The Ambassador was restyled for 1969, with horizontal headlamps replacing the Pontiac-apeing vertical ones previously fitted. This particular example looks to be in nice, solid shape although there seems to be a dent behind the driver’s side front door if you look carefully at the first picture. The seller says zero rust-through; at least they define rust the same way I do.

The underside of the car looks every bit as nice as the top. Obviously the rear portion of the exhaust is new; I’m surprised AMC didn’t install some sort of dual system. I know I’d be tempted to–unless I decided to return the car to 100% stock. Which is why I haven’t mentioned the wheels yet. I know some of you will hate me for this, but I actually like them on this car. Horses for courses–and with a factory fitted 390 cubic inch four barrel V8, this has plenty of horses! 315 to be exact, with 425 ft-lbs of torque as well. That’s a Twin-track (limited slip) differential back there as well.

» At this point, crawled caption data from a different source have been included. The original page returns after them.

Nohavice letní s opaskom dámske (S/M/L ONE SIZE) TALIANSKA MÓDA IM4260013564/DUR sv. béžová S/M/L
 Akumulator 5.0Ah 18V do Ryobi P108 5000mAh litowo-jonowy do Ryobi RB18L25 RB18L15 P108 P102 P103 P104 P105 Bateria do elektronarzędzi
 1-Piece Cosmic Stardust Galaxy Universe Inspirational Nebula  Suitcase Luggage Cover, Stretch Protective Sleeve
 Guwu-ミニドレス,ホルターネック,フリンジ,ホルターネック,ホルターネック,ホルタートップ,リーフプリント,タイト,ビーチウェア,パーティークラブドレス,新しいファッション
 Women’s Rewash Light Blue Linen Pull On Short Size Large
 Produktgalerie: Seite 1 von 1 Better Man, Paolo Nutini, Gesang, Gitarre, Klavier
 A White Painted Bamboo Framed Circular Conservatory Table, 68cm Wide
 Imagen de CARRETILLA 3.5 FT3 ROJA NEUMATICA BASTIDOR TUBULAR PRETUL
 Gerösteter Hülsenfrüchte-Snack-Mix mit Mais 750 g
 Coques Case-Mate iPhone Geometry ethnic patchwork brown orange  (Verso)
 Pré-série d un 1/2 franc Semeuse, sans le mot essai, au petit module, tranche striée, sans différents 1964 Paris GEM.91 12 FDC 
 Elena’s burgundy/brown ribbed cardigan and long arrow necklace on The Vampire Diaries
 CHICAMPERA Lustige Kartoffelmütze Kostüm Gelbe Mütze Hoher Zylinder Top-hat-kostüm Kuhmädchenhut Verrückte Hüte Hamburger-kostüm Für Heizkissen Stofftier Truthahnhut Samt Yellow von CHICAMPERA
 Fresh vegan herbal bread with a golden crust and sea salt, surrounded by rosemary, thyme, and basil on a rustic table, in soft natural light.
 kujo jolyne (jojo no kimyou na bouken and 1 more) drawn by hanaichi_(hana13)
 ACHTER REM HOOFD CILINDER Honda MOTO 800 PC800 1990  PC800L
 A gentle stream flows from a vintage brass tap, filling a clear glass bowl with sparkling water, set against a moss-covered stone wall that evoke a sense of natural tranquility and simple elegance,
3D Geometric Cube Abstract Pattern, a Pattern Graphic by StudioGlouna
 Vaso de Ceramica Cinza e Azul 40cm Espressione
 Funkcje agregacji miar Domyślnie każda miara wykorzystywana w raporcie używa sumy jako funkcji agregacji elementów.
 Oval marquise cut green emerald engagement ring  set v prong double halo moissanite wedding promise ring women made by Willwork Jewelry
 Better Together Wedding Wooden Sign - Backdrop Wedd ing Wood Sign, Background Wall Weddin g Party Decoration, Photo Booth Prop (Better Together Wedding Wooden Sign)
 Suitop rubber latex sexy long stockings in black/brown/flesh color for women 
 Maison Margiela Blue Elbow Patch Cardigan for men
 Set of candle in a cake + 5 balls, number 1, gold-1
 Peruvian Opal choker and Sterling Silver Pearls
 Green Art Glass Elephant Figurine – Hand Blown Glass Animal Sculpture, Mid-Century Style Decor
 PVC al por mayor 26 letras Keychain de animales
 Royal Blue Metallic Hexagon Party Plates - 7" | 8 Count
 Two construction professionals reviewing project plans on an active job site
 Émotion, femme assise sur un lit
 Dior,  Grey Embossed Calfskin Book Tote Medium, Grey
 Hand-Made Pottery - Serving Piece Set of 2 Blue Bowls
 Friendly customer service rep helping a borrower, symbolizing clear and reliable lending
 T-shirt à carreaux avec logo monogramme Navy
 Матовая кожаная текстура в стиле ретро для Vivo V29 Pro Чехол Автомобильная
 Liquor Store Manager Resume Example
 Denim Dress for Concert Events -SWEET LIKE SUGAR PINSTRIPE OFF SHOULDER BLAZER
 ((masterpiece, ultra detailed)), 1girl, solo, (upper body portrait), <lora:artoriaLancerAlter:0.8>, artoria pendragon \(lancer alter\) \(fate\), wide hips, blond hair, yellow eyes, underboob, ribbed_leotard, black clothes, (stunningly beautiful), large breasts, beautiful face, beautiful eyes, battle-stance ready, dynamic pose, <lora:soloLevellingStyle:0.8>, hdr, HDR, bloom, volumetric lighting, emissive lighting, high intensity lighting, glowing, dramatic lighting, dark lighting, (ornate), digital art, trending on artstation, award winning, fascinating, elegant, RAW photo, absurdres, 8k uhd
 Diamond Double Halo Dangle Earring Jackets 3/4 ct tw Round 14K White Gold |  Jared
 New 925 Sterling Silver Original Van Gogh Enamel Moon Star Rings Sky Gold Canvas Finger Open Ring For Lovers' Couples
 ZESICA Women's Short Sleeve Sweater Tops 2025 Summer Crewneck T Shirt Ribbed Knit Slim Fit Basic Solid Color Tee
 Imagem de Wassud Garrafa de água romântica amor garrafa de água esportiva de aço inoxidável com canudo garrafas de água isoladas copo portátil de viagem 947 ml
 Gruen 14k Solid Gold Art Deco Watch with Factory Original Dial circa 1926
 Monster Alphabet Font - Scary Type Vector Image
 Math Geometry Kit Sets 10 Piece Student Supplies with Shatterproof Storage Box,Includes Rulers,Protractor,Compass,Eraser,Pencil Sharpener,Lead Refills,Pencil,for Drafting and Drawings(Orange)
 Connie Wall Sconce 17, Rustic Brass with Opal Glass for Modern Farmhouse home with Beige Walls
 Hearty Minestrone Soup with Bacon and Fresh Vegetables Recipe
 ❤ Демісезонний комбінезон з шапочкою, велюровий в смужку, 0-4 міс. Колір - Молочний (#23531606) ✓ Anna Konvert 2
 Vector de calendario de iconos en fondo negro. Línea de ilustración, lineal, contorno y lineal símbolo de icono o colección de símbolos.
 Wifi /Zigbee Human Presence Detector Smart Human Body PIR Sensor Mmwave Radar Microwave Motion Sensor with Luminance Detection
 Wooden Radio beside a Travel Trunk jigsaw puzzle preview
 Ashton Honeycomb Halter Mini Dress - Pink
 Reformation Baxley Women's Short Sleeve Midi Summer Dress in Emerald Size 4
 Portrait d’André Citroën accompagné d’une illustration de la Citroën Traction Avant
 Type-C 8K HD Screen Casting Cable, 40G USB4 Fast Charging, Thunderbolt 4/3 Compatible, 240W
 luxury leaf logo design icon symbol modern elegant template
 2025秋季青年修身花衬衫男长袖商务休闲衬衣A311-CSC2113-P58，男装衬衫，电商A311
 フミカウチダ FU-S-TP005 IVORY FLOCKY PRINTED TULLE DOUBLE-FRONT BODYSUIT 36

wasn’t expecting such a stylish interior, and the seller claims it is the original one. Not only that, but there’s air conditioning, cruise control, tilt steering wheel, power steering and brakes too! There is some minor cracking on the dash according to the seller, and I appreciate their honesty as it’s hard to see in the pictures.

While the underhood area deviates a bit from stock, it certainly looks nice. I really wouldn’t change a thing on this car–apart from making sure it had the optional front disc brakes–just drive it and enjoy it. There were only 8,998 produced in 1969; I’m sure there aren’t many left now, and very few that look this nice. With 109,390 miles showing, the car has obviously been babied a lot; just the kind of cruiser I’d like to have. Would you rather have this, or a similar condition Monte Carlo, Thunderbird or Mopar? I’ll take the SST!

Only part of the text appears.